Howard Hawks n'a jamais été un grand coloriste comme en témoignent quelques scènes notamment de Gentlemen Prefer Blondes ou Man's Favorite Sport. Mais il s'en sort honnêtement dès lors que les décors offrent des teintes plus ou moins uniformes, désertiques comme ceux des westerns. Le sable est tout entier présent dans La Terre des Pharaons, dont le sablier joue un rôle dramatique essentiel. L’Egypte antique y apparaît dans l’imaginaire américain représenté grâce à la pyramide comme Paris existe désormais à travers La Tour Eiffel. La Pyramide est bien un chef-d’œuvre de l’esprit humain. Lequel esprit s’avère capable d’assembler des formes, au-delà de la simple temporalité humaine, à partir du sable du désert. On peut ainsi préférer toute cette première partie qui se déroule dans le désert égyptien à celle plus confinée des intérieurs de la seconde où se noue le drame intime de pharaon. Malgré quelques audaces du chef opérateur Russell Harlan (Scarface), et en particulier une utilisation hautement symbolique des teintes obscures, La Terre des Pharaons n’échappe pas au pompiérisme propre aux productions antiques.

Au cours de cette première partie, Hawks dépeint avec force et détails une fresque réaliste sur la construction des pyramides. Il montre l'étendu d'un ouvrage dont il semble admirer la prouesse architecturale et la monumentalité. On retrouve tout ici du moraliste, obsédé par l'accomplissement du travail bien fait et parfaitement exécuté. On devine une empathie pour le pharaon Chéops et son architecte Vashtar dès lors que ses personnages s'intéressent avec pugnacité à la réalisation et à l'achèvement de leur but. Contrat professionnel et serment déontologique sans cesse menacés par l'extérieur : la nature qu'il convient à l'homme de savoir maîtriser et la femme étrangère qui, comme souvent chez Hawks, représente dans l'imaginaire masculin une menace à l'achèvement d'une entreprise. Ce à quoi le film donne en partie raison...

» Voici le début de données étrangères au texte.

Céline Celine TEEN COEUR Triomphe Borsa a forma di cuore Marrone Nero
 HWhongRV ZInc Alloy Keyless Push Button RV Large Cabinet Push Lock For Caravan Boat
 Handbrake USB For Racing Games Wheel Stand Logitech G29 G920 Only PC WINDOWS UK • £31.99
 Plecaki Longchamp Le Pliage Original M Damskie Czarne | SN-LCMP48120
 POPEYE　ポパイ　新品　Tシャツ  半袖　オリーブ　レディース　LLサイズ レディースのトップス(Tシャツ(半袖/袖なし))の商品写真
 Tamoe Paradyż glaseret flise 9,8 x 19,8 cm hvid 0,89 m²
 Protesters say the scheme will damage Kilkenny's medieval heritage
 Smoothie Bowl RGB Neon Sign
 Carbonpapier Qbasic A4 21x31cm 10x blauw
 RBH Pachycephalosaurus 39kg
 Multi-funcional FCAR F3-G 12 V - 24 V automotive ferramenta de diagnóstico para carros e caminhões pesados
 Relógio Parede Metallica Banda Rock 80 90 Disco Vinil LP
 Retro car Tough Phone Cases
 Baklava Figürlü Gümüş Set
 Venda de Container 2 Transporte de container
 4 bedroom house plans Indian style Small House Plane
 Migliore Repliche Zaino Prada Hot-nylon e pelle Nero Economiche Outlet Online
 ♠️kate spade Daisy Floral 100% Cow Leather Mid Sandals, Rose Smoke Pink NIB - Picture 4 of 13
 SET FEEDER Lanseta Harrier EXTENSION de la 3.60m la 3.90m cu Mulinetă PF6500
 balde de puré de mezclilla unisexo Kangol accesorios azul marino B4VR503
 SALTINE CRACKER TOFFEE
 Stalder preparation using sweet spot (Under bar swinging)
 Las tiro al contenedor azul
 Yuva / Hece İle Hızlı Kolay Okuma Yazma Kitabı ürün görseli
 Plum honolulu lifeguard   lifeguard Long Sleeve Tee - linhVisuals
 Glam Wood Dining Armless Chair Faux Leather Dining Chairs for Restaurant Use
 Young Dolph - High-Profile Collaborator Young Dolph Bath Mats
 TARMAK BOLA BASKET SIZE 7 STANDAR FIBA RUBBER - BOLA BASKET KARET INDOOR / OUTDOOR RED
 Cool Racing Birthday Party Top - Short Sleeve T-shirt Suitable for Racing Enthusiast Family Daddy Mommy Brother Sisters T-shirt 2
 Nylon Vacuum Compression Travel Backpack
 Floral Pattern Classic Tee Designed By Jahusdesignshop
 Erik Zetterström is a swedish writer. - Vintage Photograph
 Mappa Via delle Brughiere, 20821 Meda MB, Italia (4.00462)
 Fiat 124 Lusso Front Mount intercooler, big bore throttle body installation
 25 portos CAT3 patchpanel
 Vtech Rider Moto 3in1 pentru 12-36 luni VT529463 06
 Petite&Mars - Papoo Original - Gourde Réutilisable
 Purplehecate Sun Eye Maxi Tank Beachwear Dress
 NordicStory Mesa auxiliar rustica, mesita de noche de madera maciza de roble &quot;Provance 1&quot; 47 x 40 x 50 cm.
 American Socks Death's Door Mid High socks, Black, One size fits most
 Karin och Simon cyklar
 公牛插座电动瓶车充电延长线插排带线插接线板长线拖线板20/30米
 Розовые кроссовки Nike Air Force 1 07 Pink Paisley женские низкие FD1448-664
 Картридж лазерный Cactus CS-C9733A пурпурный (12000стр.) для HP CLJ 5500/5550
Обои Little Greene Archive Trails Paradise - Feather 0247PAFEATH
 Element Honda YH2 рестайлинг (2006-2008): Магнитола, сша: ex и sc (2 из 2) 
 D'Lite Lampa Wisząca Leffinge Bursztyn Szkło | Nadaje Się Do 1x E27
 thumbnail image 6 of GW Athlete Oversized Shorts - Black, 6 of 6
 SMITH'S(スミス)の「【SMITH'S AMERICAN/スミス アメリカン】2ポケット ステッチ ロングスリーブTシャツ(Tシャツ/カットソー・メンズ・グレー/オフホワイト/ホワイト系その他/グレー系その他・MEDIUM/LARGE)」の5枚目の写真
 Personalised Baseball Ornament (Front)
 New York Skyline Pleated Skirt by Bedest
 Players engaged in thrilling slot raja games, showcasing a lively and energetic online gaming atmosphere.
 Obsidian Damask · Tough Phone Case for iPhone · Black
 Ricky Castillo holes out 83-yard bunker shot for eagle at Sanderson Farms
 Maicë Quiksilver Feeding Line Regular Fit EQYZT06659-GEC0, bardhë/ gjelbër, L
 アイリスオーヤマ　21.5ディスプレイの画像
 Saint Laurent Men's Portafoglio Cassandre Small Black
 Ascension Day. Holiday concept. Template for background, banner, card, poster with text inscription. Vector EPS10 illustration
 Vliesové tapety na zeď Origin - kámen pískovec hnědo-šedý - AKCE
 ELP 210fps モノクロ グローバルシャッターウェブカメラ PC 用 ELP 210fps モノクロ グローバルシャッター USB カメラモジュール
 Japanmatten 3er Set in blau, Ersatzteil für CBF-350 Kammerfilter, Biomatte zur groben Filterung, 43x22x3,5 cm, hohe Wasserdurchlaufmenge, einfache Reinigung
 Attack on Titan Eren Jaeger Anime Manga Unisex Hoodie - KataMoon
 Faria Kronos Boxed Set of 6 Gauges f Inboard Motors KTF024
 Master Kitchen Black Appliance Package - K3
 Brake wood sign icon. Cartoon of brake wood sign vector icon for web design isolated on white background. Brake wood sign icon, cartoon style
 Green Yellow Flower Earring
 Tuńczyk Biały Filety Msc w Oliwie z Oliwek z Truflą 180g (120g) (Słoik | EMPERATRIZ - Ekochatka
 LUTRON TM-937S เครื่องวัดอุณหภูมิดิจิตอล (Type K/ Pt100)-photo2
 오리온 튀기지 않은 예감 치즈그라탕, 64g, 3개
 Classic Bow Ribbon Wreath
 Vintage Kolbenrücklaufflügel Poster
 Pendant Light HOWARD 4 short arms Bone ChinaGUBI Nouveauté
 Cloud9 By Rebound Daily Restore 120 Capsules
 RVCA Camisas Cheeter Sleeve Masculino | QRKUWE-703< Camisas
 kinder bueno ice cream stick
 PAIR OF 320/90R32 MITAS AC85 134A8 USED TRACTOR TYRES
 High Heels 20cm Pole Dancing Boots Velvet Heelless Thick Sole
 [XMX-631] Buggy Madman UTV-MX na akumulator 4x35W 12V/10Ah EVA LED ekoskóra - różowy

Si le film, en cela semblable à la construction de la pyramide, commence bien ; il menace de s'écrouler tout entier sur lui-même quand rentre en scène la terrible princesse Nellifer. En s'immisçant dans les projets de pharaon, en le précipitant vers le tombeau de ses rêves, elle emporte le film et le fait glisser dans le psychodrame de bazar. Joan Collins n'y peut rien, bien qu’elle tente désespérément d'offrir une interprétation fraîche et originale d'un personnage hautement caricatural, entièrement dépourvu de qualités humaines. Nellifer est une étrangère obsédée par le pouvoir et la richesse. Pour parvenir à ses fins, elle ne recule devant rien, se servant de son corps en diable érotique, et complotant contre pharaon en assassinant la reine et en semant le palais de traîtres. Hawks hésita longuement avant de choisir Joan Collins. (7) La sensualité de l’actrice ne convenait guère à ses attentes et en effet déteint sur le type même de l’héroïne hawksienne parée d’attributs virils. Pourtant Joan Collins interprète un type de femme d’action. Mais elle n’éprouve aucun scrupule. Elle est aveuglée par sa soif de pouvoir et d’or. Il lui manque le détachement (8) nécessaire à l’accomplissement de ses desseins. L’aveuglement précipite la perte des ambitieux.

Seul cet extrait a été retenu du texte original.